Updated on April 4, 2017

April 1995: The robbery

Early lazy Sunday afternoon in the Eastern European city of Plovdiv, Bulgaria. The staff of the local archeological museum enjoys their lunch-break outside the building. One guard, ex-military, is the only human presence at the museum.

The front doors ring and the security opens to two persons with no covered faces. A quick skirmish - the guard is knocked down and dragged inside. His body is dropped next to a Byzantine exposition of 760 coins and a collection of exquisite gold jewelry. But the robbers haven’t come for that!

One of the attackers takes off the guard’s shoe and goes to the other gallery. There, the findings of a rich Thracian funeral, discovered in 1905 in a burial mound in the Plovdiv’s Kamenitsa quarter, await in silence. The robber breaks the protective glass with the shoe(!), passes over tens of golden wreaths and rings and picks just one artifact – a Roman cavalry helmet mask.

The alarms are on, and the police come in about 5 minutes. The two thieves, though, have vanished into the void.

April 2016: The precious mask

The archaeological museum in Plovdiv exposes its most valued object (estimated at between several hundred thousand and half a million euros) – the stolen Roman cavalry helmet mask. After 20 years of chasing, it has been finally returned by Bulgaria’s State National Security Agency (DANS). As the mask was found in extremely bad condition, it underwent a year-long thorough cleansing and restoration.

What was so special about it?

The owner?

That is a beautiful example of a postmortem mask (a death mask) in a shape of a human head, with decoratively presented hair. It is made of iron and coated with silver (the face and the laurel wreath on the hair) and has a detachable face in a function of a visor.

As the cavalry mask was found in a rich Thracian funeral, it most probably belonged to a Thracian aristocrat who lived in the Roman province of Thracia in the I century AD. He might have been a member of the officials of the ancient city of Philippopolis (the capital of the province at that period) which included representatives of the Thracian tribes living in that area - Odrysians (Odrysae), Coelaletae (Koilaletoi), and Dii.

Historical sources show that Coelaletae and Dii often fought with the Empire, while Odrysians, with brief exceptions, were constant allies of Rome. The cavalry helmet mask was probably a property of a noble Odryssian warrior (as the tomb, where it was found, and the other precious findings in it suggest).

That is not the only Roman cavalry mask found during archaeological excavations in the ex-territory of the Roman Empire. There are other examples, more or less elaborate and impressive.

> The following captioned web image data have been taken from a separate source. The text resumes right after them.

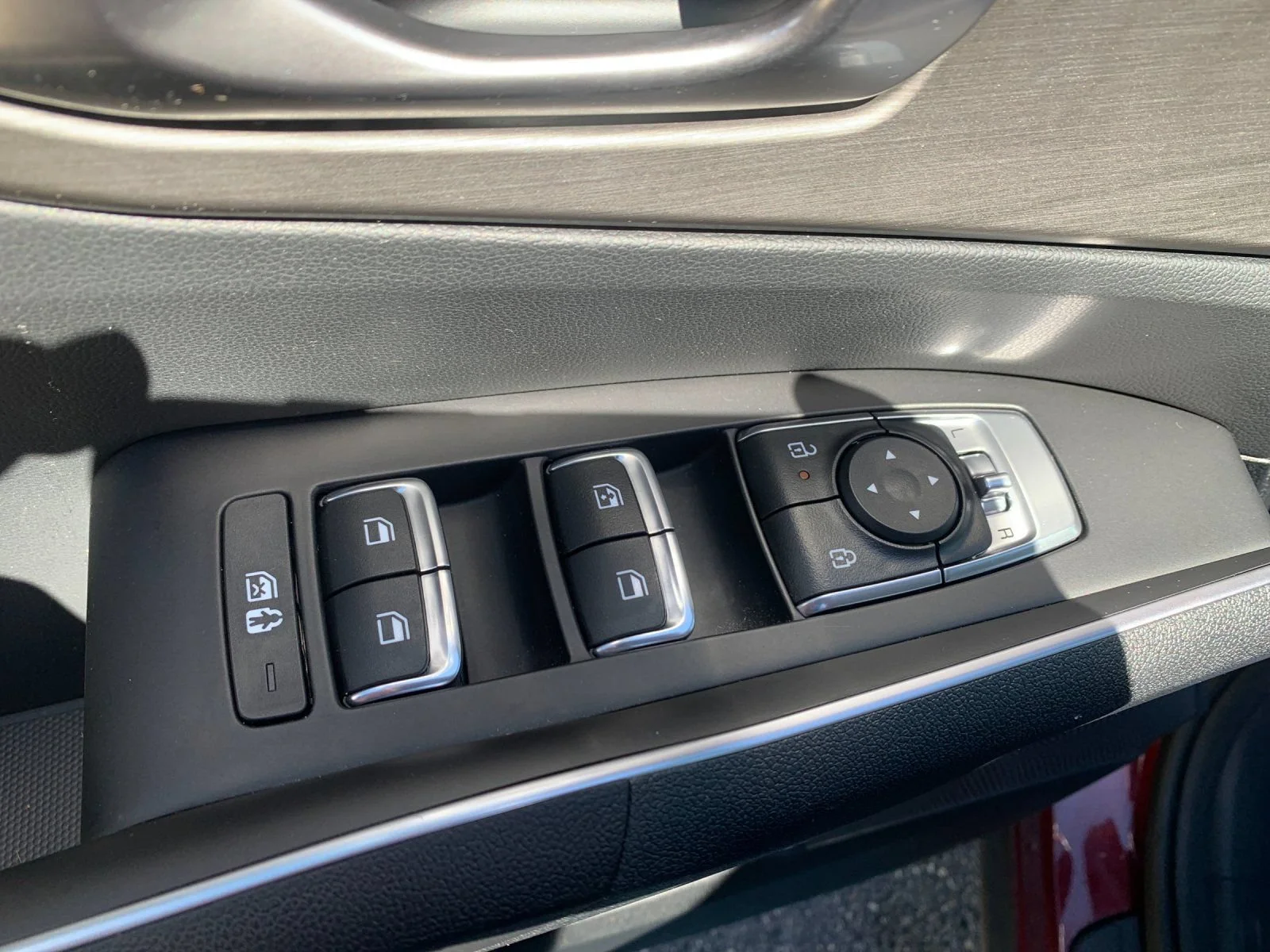 Used 2024 Red Kia X-Line EX image 12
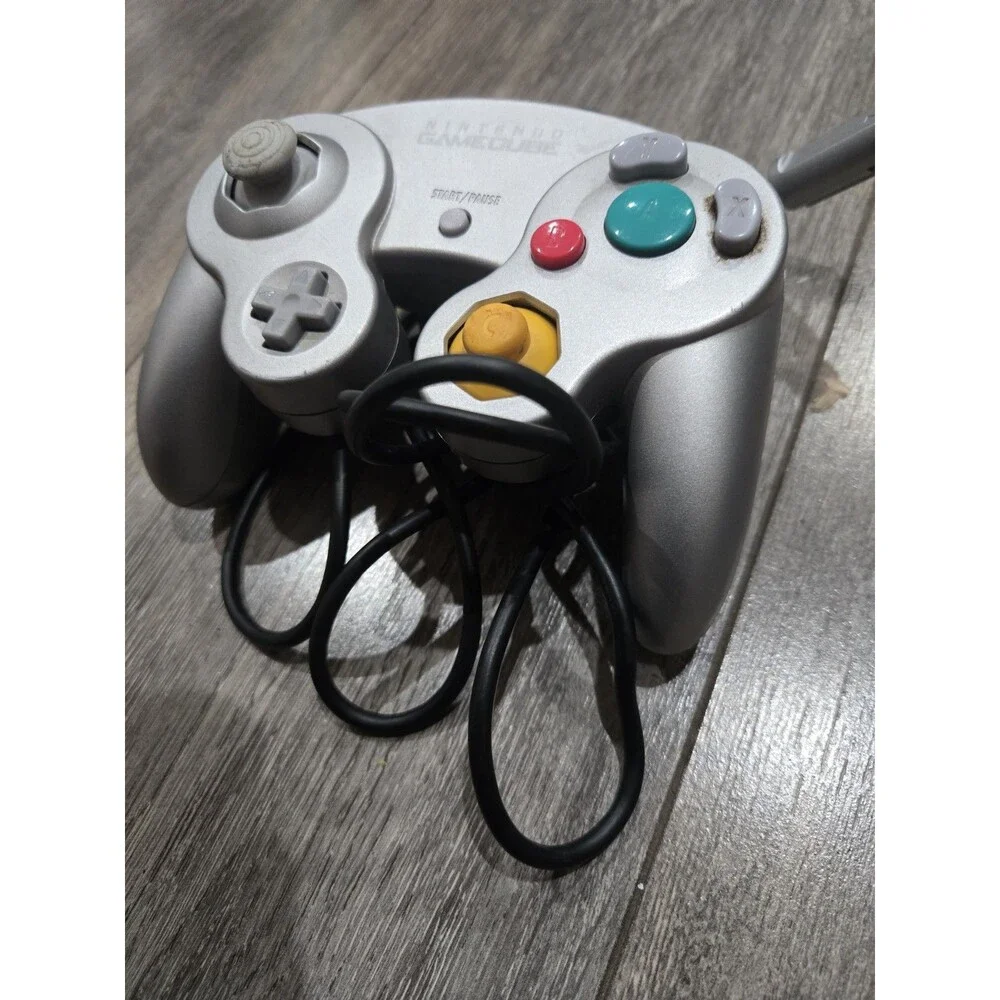 Official Nintendo OEM GameCube Controller DOL-003 – Platinum/Silver Tested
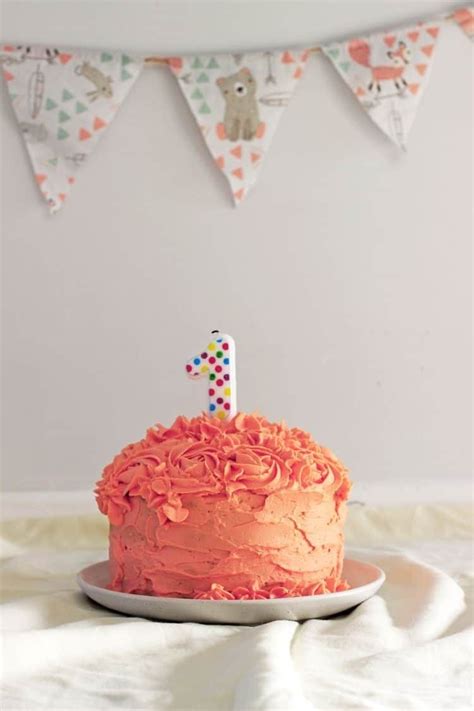 1st Birthday Smash Cake 10 Tips For An Epic 1st Birthday Cake Smash The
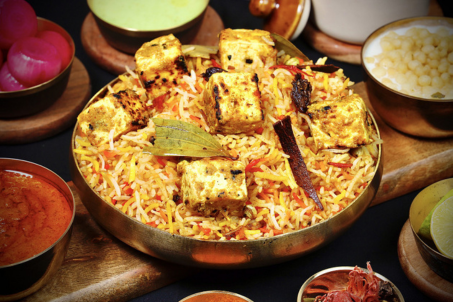Paneer Tikka Dum Biryani Bucket (2500ml)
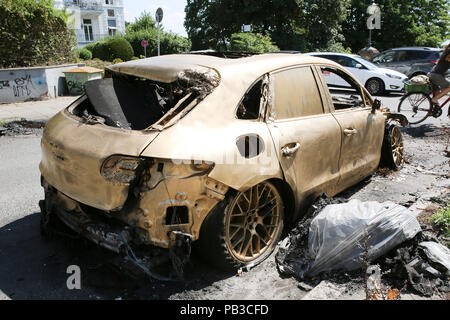 Hambourg, Allemagne. 26 juillet, 2018. Une carcasse de voiture brûlée de la marque Porsche pulvérisés avec de la peinture dorée se trouve sur la rue en Rainvilleterrasse Ottensen. La voiture, à l'instar de plusieurs autres véhicules, brûlé dans la nuit du 9 juillet 2018, un an après le G20 des émeutes. Les policiers enquêtent sur un incendie criminel. Credit : Bodo Marks/dpa/Alamy Live News Banque D'Images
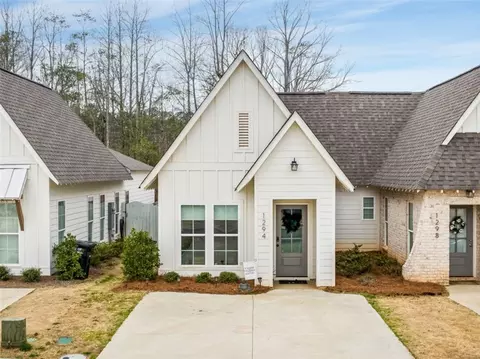 1294 Burrow Cir, Opelika, AL 36801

Nevertheless, their origin stays uncertain (even though Rome has been definitively excluded as an option). The strongest hypothesis by now is that they came from the eastern Roman provinces, where such masks were produced on a larger scale from the I to the III century AD. Several of them were found in burials that seemed to have belonged to members of tribal elites who had served in the Roman auxiliary cavalry units. In these tombs, in contrast with the regular burial practices of the Roman soldiers, there was presented a full panoply, including a mask.

The purpose?

The use of those Roman helmet masks is a subject of another scientific discussion. Were they worn in battles, as a part of the soldiers’ armor, or they were only for display purposes?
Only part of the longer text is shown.